[Brief descriptive captions]
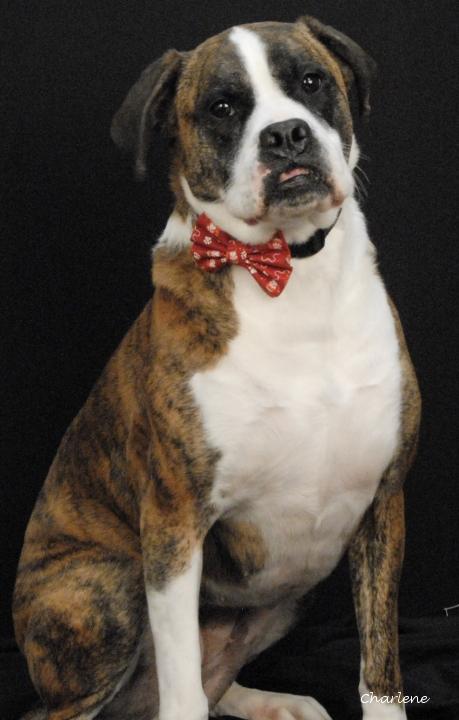 Enlarge Lily, an adopted mixed breed in Newland, NC image 1/3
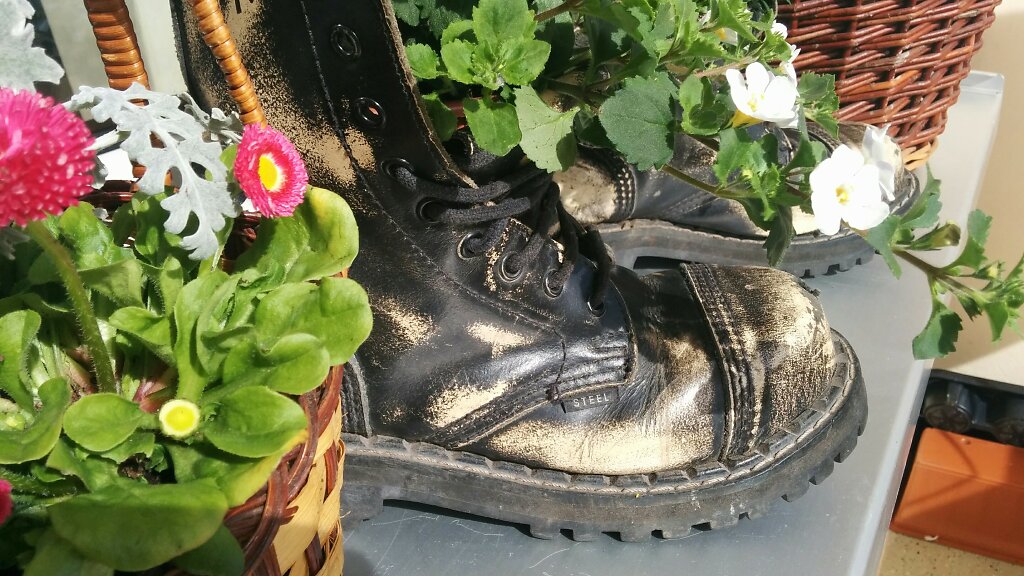 Springerstiefel mit Blumen bepflanzt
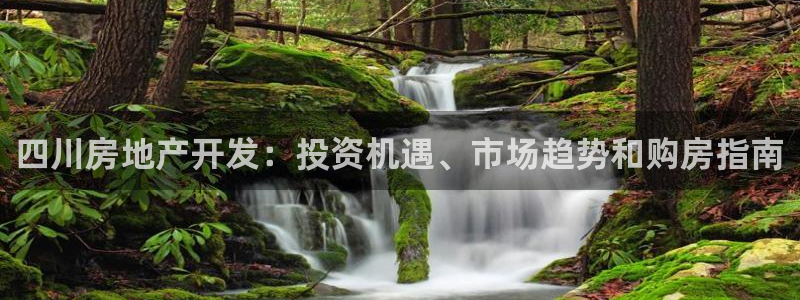 万向娱乐官网下载安装手机版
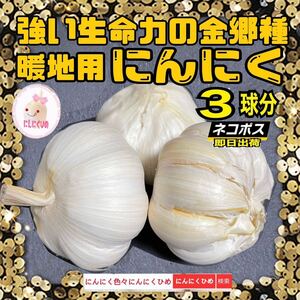 新物　3球分　食種兼用　強い金剛種　食用兼用　バラシて即出荷　にんにくひめ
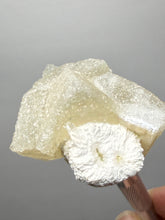Load image into Gallery viewer, Rare Druzy Golden “Diamond” Calcite on Zeolite Matrix — Maharashtra, India | Collector Cabinet Specimen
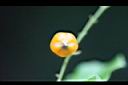 蕾絲金露花-實07.jpg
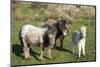 Ponies and Foal on Dartmoor, Devon, England, United Kingdom, Europe-Peter Groenendijk-Mounted Photographic Print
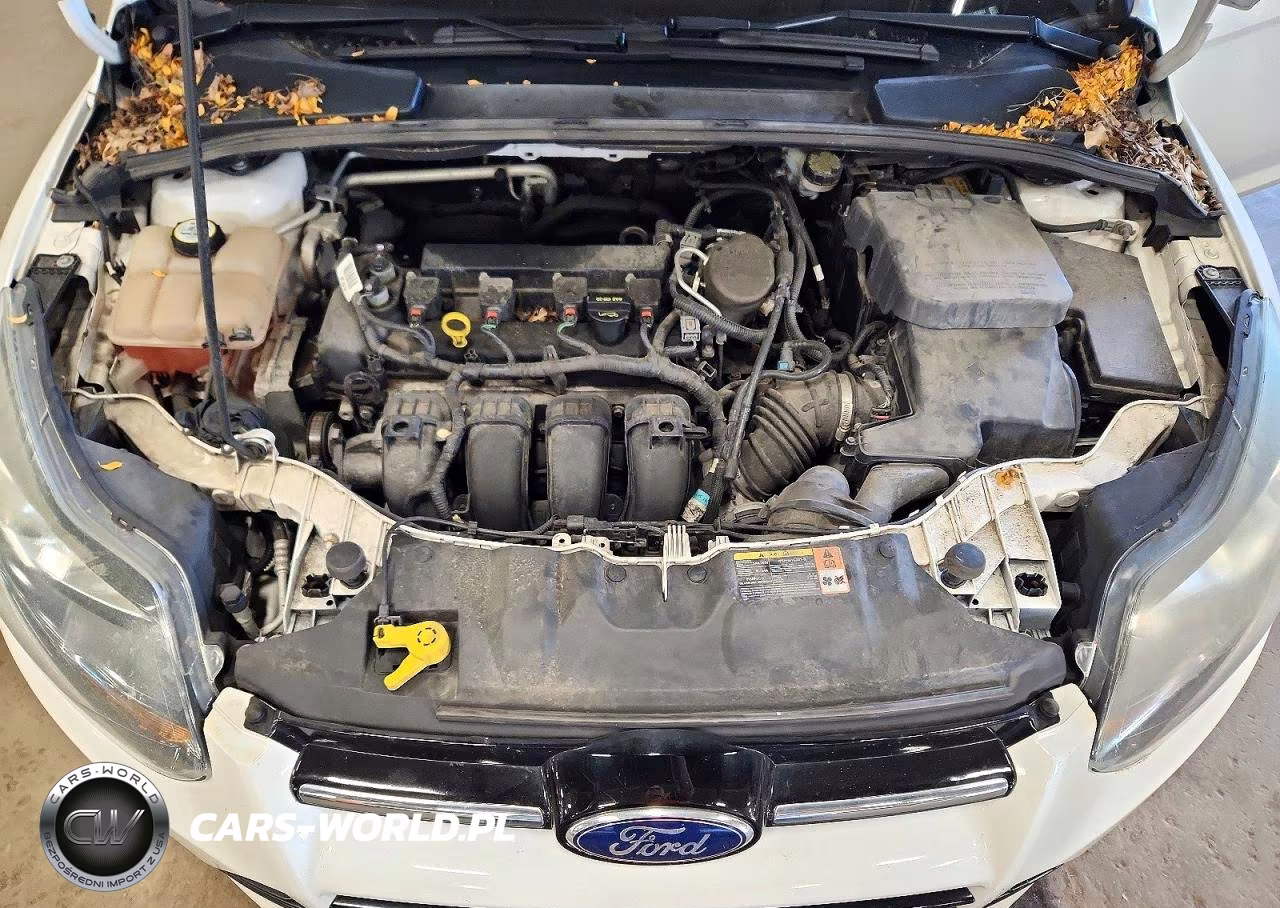 2013 Ford Focus Titanium VIN:1FADP3J25DL263822 - 11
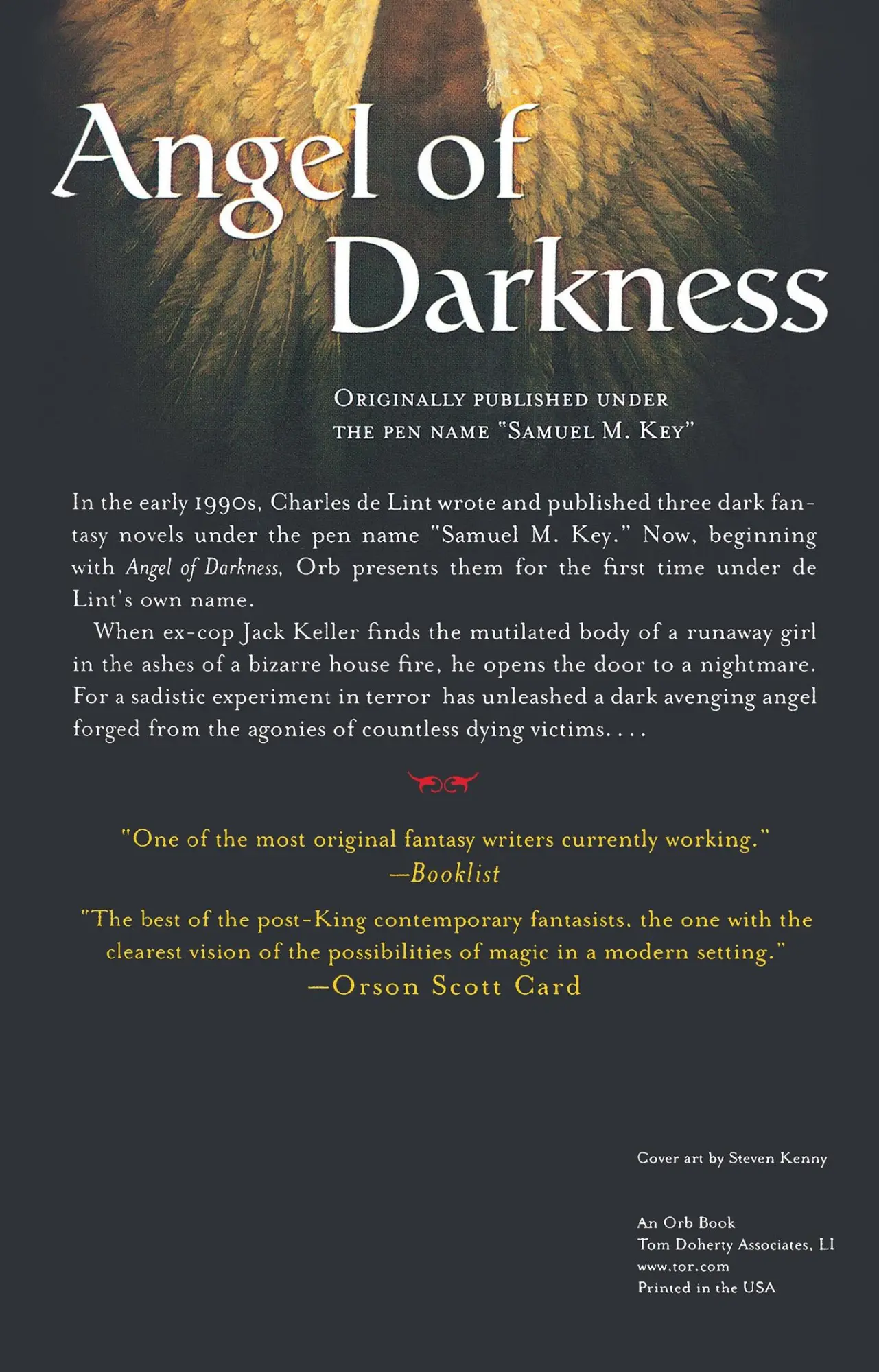 Rückseite: 9780312874001 | Angel of Darkness | Charles De Lint | Taschenbuch | Englisch | 2002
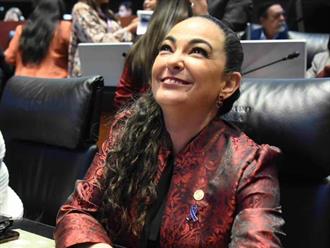 Respalda el Senado Plan B de Sheinbaum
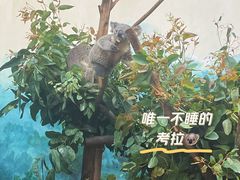 -广州长隆野生动物世界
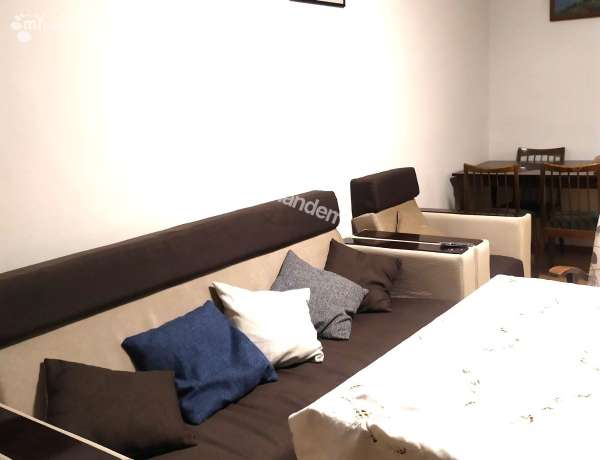 3-senyakanoc-bnakaran-vardzakalutyun-Yerevan-Center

- Exercise goal -
Here the job is to repeat the entries verbatim while leaving all pictures out.

- The completed task -
 Enlarge Lily, an adopted mixed breed in Newland, NC image 1/3
 Springerstiefel mit Blumen bepflanzt
 万向娱乐官网下载安装手机版
 新物　3球分　食種兼用　強い金剛種　食用兼用　バラシて即出荷　にんにくひめ
Load image into Gallery viewer, Rare Druzy Golden “Diamond” Calcite on Zeolite Matrix — Maharashtra, India | Collector Cabinet Specimen
 蕾絲金露花-實07.jpg
 Ponies and Foal on Dartmoor, Devon, England, United Kingdom, Europe-Peter Groenendijk-Mounted Photographic Print
 2013 Ford Focus Titanium VIN:1FADP3J25DL263822 - 11
 Rückseite: 9780312874001 | Angel of Darkness | Charles De Lint | Taschenbuch | Englisch | 2002
 Respalda el Senado Plan B de Sheinbaum
 -广州长隆野生动物世界
 3-senyakanoc-bnakaran-vardzakalutyun-Yerevan-Center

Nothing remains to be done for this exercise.